By Andrew W. Lo, Harris & Harris Group Professor, MIT Sloan School of Management, MIT Laboratory for Financial Engineering, and founder of AlphaSimplex Group, LLC.

As institutional investors take a more active interest in alternative investments, a significant gap has emerged between the culture and expectations of those investors and hedge fund managers. Pension plan sponsors typically require transparency from their managers and impose a number of restrictions in their investment mandates because of regulatory requirements such as ERISA rules; hedge fund managers rarely provide position-level transparency and bristle at any restrictions on their investment process because restrictions often hurt performance.

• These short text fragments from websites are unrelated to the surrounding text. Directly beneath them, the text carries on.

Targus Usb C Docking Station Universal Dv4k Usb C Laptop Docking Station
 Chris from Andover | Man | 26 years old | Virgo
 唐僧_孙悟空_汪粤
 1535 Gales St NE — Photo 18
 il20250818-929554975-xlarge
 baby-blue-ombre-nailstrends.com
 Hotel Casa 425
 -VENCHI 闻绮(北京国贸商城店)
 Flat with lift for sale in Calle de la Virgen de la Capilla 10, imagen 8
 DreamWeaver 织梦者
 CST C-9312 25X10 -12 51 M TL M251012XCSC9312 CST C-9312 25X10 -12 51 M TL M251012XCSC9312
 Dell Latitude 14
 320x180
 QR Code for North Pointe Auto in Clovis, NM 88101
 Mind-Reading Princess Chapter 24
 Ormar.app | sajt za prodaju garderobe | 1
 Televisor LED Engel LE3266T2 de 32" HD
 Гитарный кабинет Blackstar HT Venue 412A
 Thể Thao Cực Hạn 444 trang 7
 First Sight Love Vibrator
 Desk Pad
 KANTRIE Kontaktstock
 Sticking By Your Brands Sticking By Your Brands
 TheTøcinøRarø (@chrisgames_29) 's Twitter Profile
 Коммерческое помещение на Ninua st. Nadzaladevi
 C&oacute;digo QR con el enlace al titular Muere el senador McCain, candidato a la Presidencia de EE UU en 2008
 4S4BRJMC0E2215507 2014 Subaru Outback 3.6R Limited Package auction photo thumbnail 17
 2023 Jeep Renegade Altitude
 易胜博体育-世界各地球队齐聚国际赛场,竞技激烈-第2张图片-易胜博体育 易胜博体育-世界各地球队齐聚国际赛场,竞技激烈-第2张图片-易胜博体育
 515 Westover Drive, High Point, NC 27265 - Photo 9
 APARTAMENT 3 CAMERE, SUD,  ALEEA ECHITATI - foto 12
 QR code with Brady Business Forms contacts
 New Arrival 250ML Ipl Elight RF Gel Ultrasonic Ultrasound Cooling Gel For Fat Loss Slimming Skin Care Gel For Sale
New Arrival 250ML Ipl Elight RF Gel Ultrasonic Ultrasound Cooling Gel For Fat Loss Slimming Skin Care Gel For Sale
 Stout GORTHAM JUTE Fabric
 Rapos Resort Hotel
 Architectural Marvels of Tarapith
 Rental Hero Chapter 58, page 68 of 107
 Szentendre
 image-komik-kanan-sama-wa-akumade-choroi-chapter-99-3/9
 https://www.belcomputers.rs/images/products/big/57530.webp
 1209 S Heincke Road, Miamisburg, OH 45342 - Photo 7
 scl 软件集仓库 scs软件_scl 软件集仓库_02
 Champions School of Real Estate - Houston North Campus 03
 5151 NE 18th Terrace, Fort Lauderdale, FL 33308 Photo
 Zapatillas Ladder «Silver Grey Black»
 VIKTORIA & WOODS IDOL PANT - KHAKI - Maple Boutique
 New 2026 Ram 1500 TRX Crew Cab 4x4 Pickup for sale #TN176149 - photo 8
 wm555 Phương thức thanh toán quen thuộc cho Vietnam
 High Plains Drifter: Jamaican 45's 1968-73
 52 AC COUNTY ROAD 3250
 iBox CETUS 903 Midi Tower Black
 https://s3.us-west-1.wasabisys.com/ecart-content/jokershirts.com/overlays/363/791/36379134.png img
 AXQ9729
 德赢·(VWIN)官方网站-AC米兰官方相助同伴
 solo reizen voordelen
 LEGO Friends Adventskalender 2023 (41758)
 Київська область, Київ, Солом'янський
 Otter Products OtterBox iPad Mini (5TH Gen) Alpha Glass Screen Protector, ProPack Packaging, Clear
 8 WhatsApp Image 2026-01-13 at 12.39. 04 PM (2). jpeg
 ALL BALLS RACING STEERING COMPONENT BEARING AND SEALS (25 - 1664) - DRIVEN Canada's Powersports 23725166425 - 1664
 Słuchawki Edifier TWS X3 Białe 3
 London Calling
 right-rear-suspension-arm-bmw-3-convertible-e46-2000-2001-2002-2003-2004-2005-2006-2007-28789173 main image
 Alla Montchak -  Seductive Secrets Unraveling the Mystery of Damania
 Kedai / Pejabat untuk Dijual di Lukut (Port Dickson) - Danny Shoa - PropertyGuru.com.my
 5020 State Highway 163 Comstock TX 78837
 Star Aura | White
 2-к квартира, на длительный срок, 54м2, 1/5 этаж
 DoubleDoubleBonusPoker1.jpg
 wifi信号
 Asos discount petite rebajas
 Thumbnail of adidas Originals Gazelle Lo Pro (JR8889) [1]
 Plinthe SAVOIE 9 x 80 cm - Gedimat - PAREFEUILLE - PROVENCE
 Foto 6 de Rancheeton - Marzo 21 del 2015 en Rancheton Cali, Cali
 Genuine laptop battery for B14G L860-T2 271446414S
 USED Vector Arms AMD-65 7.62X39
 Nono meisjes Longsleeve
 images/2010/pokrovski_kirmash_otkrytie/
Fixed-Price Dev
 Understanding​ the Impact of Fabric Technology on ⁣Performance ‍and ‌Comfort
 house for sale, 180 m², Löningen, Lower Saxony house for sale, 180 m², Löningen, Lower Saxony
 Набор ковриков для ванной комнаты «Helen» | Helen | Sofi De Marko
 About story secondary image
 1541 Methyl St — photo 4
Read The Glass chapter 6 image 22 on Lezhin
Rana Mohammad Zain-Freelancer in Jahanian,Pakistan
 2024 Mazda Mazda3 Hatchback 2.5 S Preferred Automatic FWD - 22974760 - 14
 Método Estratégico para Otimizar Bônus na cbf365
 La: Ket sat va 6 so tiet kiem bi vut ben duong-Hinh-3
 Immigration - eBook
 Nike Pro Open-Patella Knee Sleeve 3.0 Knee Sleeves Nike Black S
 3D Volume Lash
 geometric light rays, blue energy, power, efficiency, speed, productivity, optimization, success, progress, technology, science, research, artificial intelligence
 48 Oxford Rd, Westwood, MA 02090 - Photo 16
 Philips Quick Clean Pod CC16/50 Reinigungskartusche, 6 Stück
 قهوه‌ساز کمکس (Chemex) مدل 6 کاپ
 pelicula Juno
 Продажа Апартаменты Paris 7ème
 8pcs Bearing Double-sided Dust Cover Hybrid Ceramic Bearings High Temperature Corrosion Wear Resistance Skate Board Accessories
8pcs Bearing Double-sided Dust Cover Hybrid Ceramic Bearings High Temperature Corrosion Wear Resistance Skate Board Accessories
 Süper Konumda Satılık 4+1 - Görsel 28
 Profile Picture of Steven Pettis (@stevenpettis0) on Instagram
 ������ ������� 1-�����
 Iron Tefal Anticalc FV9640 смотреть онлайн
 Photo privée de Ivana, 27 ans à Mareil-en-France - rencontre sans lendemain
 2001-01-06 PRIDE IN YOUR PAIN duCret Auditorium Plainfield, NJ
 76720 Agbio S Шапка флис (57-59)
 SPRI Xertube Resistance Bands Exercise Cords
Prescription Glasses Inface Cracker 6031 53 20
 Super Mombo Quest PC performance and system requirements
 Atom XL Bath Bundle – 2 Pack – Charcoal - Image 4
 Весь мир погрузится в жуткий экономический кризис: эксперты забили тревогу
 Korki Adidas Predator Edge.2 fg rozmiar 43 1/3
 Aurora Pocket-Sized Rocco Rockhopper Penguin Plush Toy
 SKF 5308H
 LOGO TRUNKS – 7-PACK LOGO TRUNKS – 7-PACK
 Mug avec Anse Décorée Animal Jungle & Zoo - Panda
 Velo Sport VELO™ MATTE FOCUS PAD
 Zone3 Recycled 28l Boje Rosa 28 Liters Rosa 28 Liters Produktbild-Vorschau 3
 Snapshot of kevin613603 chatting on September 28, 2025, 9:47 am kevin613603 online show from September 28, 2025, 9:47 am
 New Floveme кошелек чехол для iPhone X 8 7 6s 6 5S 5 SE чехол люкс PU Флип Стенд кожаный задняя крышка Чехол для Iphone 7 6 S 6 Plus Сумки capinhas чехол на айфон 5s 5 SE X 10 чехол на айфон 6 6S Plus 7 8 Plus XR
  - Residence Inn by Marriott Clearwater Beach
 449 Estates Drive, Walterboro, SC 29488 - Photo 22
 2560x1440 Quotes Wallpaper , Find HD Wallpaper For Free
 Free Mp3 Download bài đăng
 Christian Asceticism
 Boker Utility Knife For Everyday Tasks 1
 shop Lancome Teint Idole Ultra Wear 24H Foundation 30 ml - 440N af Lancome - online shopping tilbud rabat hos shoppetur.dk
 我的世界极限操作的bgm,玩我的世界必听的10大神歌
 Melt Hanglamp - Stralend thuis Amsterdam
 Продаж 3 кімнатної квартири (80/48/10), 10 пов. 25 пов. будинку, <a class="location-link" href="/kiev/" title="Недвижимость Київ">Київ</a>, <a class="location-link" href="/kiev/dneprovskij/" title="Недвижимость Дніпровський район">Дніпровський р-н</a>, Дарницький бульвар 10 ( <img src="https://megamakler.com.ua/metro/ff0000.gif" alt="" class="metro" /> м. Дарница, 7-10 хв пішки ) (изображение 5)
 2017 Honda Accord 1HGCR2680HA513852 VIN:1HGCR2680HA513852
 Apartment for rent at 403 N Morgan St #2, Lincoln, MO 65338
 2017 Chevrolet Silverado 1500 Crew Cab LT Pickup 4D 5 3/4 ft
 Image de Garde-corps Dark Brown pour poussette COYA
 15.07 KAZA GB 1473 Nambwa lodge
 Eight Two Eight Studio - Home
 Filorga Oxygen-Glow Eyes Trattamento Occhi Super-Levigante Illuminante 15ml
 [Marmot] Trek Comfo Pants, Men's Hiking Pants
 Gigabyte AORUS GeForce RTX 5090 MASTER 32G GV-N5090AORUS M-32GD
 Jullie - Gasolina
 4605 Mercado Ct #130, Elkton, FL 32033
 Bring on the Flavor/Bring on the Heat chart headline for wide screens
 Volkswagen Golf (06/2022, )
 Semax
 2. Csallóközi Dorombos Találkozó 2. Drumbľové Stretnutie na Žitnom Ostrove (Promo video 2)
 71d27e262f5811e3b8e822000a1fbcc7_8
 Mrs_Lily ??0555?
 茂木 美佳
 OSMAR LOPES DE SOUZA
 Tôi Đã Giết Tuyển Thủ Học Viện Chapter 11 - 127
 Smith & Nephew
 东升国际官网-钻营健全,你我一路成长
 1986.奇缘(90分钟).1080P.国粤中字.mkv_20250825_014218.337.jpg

Plan sponsors require a certain degree of liquidity in their assets to meet their pension obligations, and also desire significant capacity because of their limited resources in managing large pools of assets; hedge-fund managers routinely impose lock-ups of one to three years, and the most successful managers have the least capacity to offer, in many cases returning investors’ capital once they make their personal fortunes.

And as fiduciaries, plan sponsors are hypersensitive to the outsize fees that hedge funds charge, and are concerned about misaligned incentives induced by performance fees; hedge-fund managers argue that their fees are fair compensation for their unique investment acumen, and at least for now, the market seems to agree.

This cultural gap raises the natural question of whether it is possible to obtain hedge fund-like returns without investing in hedge funds. In short, can hedge fund returns be “replicated” by passive investments in liquid exchange-traded instruments?

Empirical evidence
The short answer is “no.” The empirical evidence suggests that only a portion of a typical hedge fund’s average return can be attributed to the risk premia from market indexes such as the S&P 500, the Lehman Bond Index, and the U.S. Dollar Index. For example, using a linear five-factor model to construct replicating portfolios for individual hedge funds in the TASS database, Hasanhodzic and Lo (2007) find that the average of the annualized mean returns of replication strategies for Emerging Market funds is 5.17%, which is considerably lower than the 21.12% average annualized mean return for the funds themselves. This large gap is understandable, given the illiquidity premium that investors earn from emerging market securities. This illiquidity premium will clearly be missing from a replication portfolio consisting of liquid securities; hence we should expect a significant performance gap in this case.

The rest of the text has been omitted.